Press Release

HSBC: Solid Q4 and FY24 Results; Group's Reorganisation Triggers Investments & Cost Savings Targets, and a Focus on Asia

Banking Organizations
February 21, 2025

On 19 February 2025, HSBC Holdings plc (HSBC or the Group) announced its Q4 results and reported a profit before tax (PBT) of USD 2.3 billion in Q4 2024, up USD 1.5 billion year-over-year (YoY) (vs. Q4 2023) on a constant currency basis. Excluding notable items (mainly the negative impact of USD 5.2 billion on Argentina disposal), PBT was USD 7.3 billion in Q4 2024, up 10% YoY.

Similar to the prior quarter, results mainly benefitted from revenue growth in Wealth and Personal Banking and Global Banking and Markets. Banking NII, the main contributor to revenues, is trending down except for HSBC UK, thanks to hedges. For 2024, PBT was a solid USD 32.3 billion, up 6% YoY on a reported basis, and up 4% YoY excluding notable items on a constant currency basis.

We note that operating expenses increased by 3% YoY in line with the Group's cost growth targets and reflecting investments (technology) and inflation, although partly compensated by reductions related to business disposals (mainly Canada and France). The cost guidance is similar for 2025, with simplification efforts partly offsetting investments and inflation.

HSBC's CET1 ratio decreased to 14.9% at end-Q4 2024 from 15.2% at end-Q3 2024, as the contribution of profits was mainly offset by dividends and Q3 2024 buybacks (USD 3 billion). The Group announced another share buyback of up to USD 2 billion by Q1 2025 results announcement. Overall, this is in line with HSBC's guidance to manage its CET1 ratio in the 14-14.5% range in the medium term, which has been maintained.

In addition, HSBC has presented a business update and targets, including a return on average tangible equity (ROTE) in the mid-teens in 2025, 2026 and 2027 excluding notable items. In 2024, the Group's ROTE was 16.0% excluding notable items, 14.6% otherwise.

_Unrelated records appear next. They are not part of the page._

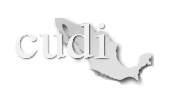 Logo CUDI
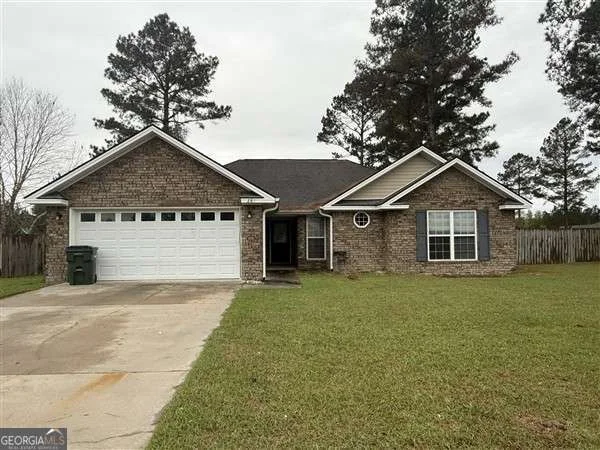 Unit for sale at 281 Mill Pond Lane SE, Ludowici, GA 31316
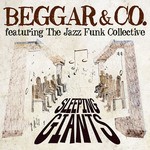 cover: Beggar & Co - Sleeping Giants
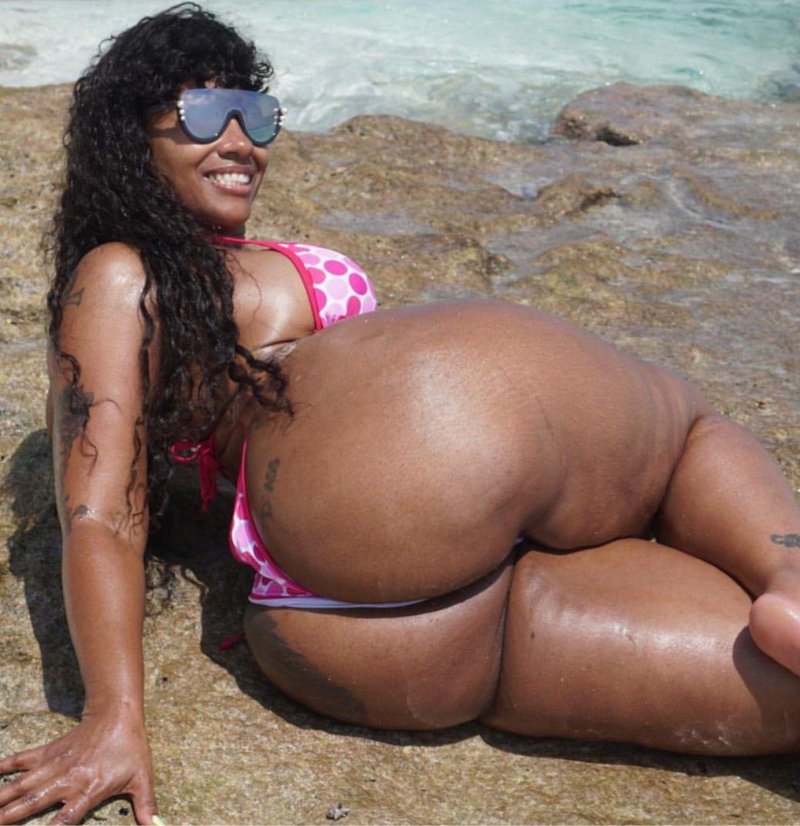 Чероки дасс бикини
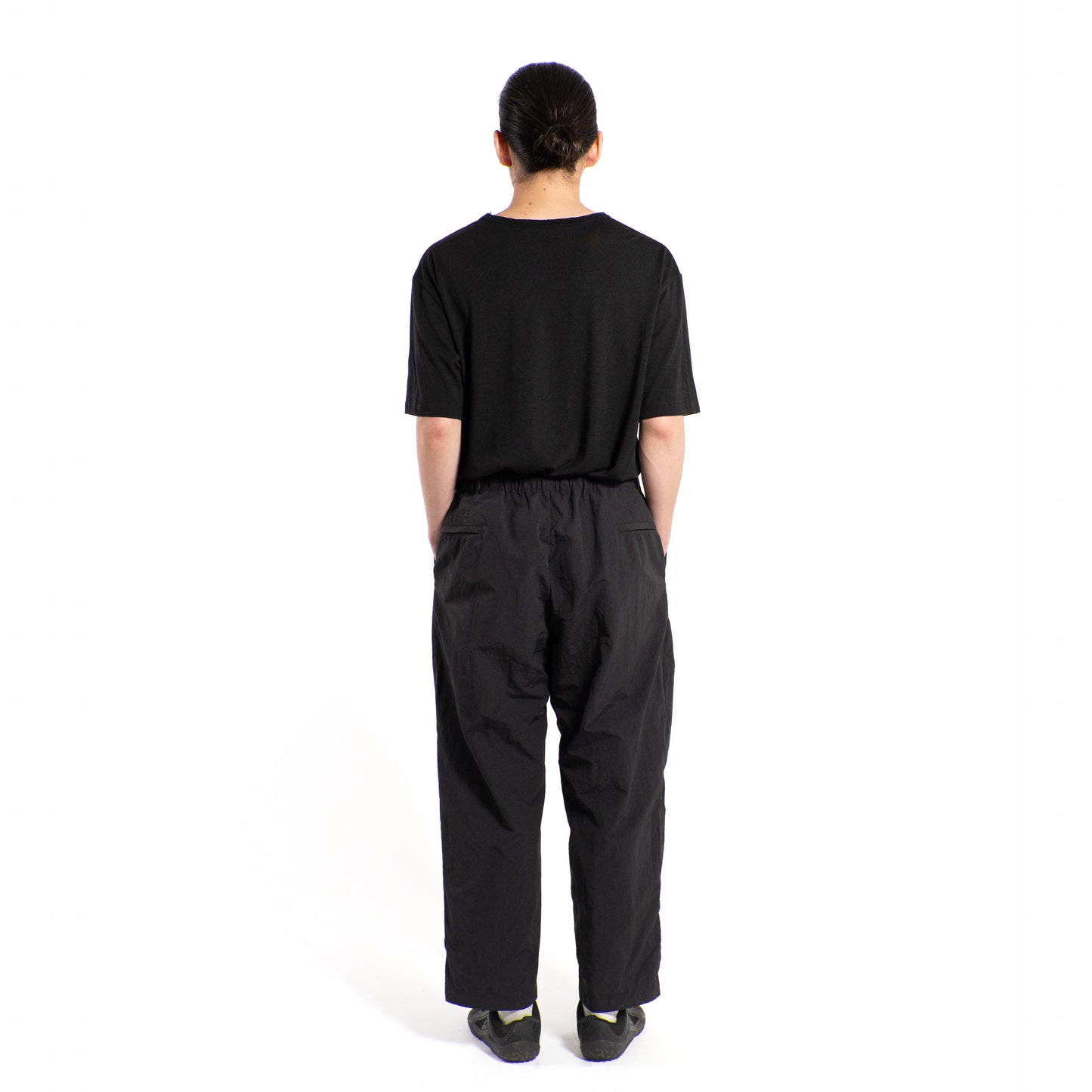 Trail Wide Tapered Pants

HSBC is generally planning for a simplified structure while leveraging its leading positions with a particular focus on Asia and the Middle East and wealth management, because of their growth potential. The Group provided clear cost cutting targets: USD 300 million in cost savings in 2025 and a USD 1.5 billion annualised cost base reduction by end-2026 from the Group's reorganization (largely less duplication roles and simplification of management and business matrix), as well as a reallocation over the medium term of about USD 1.5 billion of costs from non-strategic operations to areas where the Group has a competitive advantage.

Notes:
All figures are in USD unless otherwise noted.